Adam has been riding horses for almost 50 years, since age 4, competing in eventing, show jumping and more in Europe. He became involved in horse archery about 4 years ago as a natural progression to being a professional stuntman and wanting to simply do more on horseback than just riding. Adam owns Bay Area Horse Archers, based in Gilroy, California, and teaches clinics, small groups and private classes. He also works as a stuntman and fitness instructor around the Bay Area. Adam competes around the US and also internationally on a regular basis.


  • Horse archery in its modern form has been an international sport since the 1980s. It is the fastest growing equestrian sport in the world.
  • Two main associations run the sport. Internationally, IHAA (International Horse Archery Alliance), and in America, MA3 (Mounted Archery Association of the Americas). They govern the rules, safety and competitions around the world. Rules are based on international eventing rules as seen in cross country, show jumping and dressage.

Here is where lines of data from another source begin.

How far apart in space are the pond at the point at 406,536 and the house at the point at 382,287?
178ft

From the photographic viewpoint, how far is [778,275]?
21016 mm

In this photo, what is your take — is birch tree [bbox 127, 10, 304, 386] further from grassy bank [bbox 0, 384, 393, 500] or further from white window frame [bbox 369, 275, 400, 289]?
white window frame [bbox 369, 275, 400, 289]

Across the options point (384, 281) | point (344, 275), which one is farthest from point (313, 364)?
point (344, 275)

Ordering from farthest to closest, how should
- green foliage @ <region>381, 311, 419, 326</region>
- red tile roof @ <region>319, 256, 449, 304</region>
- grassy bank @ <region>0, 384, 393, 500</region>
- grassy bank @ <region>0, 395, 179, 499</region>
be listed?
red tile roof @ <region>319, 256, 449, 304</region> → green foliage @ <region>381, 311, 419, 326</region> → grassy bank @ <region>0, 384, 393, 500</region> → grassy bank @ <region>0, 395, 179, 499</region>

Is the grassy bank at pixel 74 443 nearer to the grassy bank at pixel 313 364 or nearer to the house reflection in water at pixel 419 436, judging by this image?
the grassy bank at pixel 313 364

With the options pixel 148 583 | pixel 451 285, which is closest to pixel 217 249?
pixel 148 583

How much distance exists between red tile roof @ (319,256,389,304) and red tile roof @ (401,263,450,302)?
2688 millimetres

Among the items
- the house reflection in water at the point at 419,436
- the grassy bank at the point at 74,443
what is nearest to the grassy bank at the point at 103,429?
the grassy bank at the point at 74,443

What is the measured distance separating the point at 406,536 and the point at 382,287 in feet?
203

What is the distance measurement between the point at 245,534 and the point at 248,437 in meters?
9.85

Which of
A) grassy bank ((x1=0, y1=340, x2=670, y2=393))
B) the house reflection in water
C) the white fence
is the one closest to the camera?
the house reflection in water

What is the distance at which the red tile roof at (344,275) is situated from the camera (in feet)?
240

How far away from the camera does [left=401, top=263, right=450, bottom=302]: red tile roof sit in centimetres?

  • Riders compete in eventing style competitions. Speed shooting, slow riding on the 90 meter Tower track. Slower shooting, faster riding in the 90 meter Raid track. Cross country riding and varied shooting in the Hunt event. Postal competitions and arena competitions also take place regularly. Riders compete in their own arenas against other riders all around the world in postal competitions. They can also compete in walk, trot, or canter divisions. Target distances vary from directly below (Jarmaki targets) or 7 meters above (Qabaq targets) the horse to 55 meters away.
  • Riders must use Asiatic style recurve horse bows, no Olympic recurves or compound bows allowed.
  • Riders of any age can compete. Horses of any breed can be used and are inspected at the beginning of a competition for lameness.
  • Bay Area Horse Archers was started by Adam Sewell and Ariel Conrad, international competitors who wanted to bring it to the South Bay. Other clubs exist all around the US.
  • Lessons can be private or small group and include learning to shoot on the ground first, then learning specific horse archery riding techniques. Showing on horseback differs from classical archery. Practitioners learn to nock blind and speed shoot in 3 different shooting techniques, Mediterranean, Persian and Thumb Draw.